Caption-style text data:
★ ★ ★ ★ ★
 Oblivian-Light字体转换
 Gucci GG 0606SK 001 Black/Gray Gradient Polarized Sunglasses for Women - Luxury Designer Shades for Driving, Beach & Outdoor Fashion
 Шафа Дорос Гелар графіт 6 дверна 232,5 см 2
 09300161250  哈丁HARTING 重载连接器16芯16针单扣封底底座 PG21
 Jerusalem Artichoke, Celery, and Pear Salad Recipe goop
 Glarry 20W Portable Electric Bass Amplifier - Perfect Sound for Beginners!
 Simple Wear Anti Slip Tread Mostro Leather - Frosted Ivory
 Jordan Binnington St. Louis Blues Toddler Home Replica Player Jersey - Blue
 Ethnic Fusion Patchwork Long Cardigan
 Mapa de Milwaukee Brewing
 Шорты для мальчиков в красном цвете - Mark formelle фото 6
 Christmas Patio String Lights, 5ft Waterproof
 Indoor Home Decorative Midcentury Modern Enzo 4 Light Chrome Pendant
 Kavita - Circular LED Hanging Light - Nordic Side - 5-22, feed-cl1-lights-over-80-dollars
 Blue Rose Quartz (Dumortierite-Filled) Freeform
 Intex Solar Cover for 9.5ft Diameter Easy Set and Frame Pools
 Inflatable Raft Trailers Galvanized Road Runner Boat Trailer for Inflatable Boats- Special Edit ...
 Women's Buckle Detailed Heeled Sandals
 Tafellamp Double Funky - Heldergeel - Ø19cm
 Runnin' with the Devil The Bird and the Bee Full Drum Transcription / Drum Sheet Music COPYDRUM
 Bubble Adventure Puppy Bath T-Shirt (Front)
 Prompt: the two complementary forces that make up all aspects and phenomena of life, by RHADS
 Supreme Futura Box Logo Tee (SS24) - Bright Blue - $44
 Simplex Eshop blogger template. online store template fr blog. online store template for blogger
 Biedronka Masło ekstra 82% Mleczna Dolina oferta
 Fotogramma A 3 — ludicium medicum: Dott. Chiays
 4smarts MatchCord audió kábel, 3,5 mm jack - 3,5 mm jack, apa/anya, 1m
★ ★ ★ ★ ★
The problem: Only the lines from the one with "Simplex Eshop blogger" through the last line of the records belong in the answer, each copied exactly.

Task answer:
 Simplex Eshop blogger template. online store template fr blog. online store template for blogger
 Biedronka Masło ekstra 82% Mleczna Dolina oferta
 Fotogramma A 3 — ludicium medicum: Dott. Chiays
 4smarts MatchCord audió kábel, 3,5 mm jack - 3,5 mm jack, apa/anya, 1m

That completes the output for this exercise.